===== RECORD SET
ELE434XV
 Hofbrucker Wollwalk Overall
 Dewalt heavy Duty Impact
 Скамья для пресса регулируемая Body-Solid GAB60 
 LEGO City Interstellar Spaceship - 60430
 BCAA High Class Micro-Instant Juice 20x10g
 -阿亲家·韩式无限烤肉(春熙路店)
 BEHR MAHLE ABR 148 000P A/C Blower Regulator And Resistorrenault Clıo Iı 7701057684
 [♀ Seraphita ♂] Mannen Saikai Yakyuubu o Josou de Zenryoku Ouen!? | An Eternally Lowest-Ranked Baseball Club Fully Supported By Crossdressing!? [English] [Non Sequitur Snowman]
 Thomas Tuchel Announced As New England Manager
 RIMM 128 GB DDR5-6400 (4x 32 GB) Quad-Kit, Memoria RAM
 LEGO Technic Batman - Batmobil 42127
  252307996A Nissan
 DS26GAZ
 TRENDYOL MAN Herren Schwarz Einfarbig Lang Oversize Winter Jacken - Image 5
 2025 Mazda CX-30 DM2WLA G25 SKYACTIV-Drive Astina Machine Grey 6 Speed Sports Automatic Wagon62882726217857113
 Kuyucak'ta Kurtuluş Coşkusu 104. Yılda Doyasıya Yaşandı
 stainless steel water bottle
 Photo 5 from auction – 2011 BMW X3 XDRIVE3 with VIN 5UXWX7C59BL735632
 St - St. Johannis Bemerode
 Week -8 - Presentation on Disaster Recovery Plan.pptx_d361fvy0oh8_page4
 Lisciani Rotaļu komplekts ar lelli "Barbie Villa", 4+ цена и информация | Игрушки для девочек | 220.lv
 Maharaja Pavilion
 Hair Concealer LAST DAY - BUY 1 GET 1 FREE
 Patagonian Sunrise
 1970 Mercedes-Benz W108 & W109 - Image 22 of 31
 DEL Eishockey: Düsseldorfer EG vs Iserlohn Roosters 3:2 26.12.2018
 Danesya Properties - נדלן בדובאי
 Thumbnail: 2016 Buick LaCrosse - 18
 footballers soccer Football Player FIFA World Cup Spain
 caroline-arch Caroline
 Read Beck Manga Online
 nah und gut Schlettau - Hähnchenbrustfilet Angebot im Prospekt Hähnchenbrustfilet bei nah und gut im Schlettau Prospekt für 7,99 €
==========
→ **WHAT IS EXPECTED**
Restate the material word for word so that no line differs from the original.

→ **RESPONSE**
ELE434XV
 Hofbrucker Wollwalk Overall
 Dewalt heavy Duty Impact
 Скамья для пресса регулируемая Body-Solid GAB60 
 LEGO City Interstellar Spaceship - 60430
 BCAA High Class Micro-Instant Juice 20x10g
 -阿亲家·韩式无限烤肉(春熙路店)
 BEHR MAHLE ABR 148 000P A/C Blower Regulator And Resistorrenault Clıo Iı 7701057684
 [♀ Seraphita ♂] Mannen Saikai Yakyuubu o Josou de Zenryoku Ouen!? | An Eternally Lowest-Ranked Baseball Club Fully Supported By Crossdressing!? [English] [Non Sequitur Snowman]
 Thomas Tuchel Announced As New England Manager
 RIMM 128 GB DDR5-6400 (4x 32 GB) Quad-Kit, Memoria RAM
 LEGO Technic Batman - Batmobil 42127
  252307996A Nissan
 DS26GAZ
 TRENDYOL MAN Herren Schwarz Einfarbig Lang Oversize Winter Jacken - Image 5
 2025 Mazda CX-30 DM2WLA G25 SKYACTIV-Drive Astina Machine Grey 6 Speed Sports Automatic Wagon62882726217857113
 Kuyucak'ta Kurtuluş Coşkusu 104. Yılda Doyasıya Yaşandı
 stainless steel water bottle
 Photo 5 from auction – 2011 BMW X3 XDRIVE3 with VIN 5UXWX7C59BL735632
 St - St. Johannis Bemerode
 Week -8 - Presentation on Disaster Recovery Plan.pptx_d361fvy0oh8_page4
 Lisciani Rotaļu komplekts ar lelli "Barbie Villa", 4+ цена и информация | Игрушки для девочек | 220.lv
 Maharaja Pavilion
 Hair Concealer LAST DAY - BUY 1 GET 1 FREE
 Patagonian Sunrise
 1970 Mercedes-Benz W108 & W109 - Image 22 of 31
 DEL Eishockey: Düsseldorfer EG vs Iserlohn Roosters 3:2 26.12.2018
 Danesya Properties - נדלן בדובאי
 Thumbnail: 2016 Buick LaCrosse - 18
 footballers soccer Football Player FIFA World Cup Spain
 caroline-arch Caroline
 Read Beck Manga Online
 nah und gut Schlettau - Hähnchenbrustfilet Angebot im Prospekt Hähnchenbrustfilet bei nah und gut im Schlettau Prospekt für 7,99 €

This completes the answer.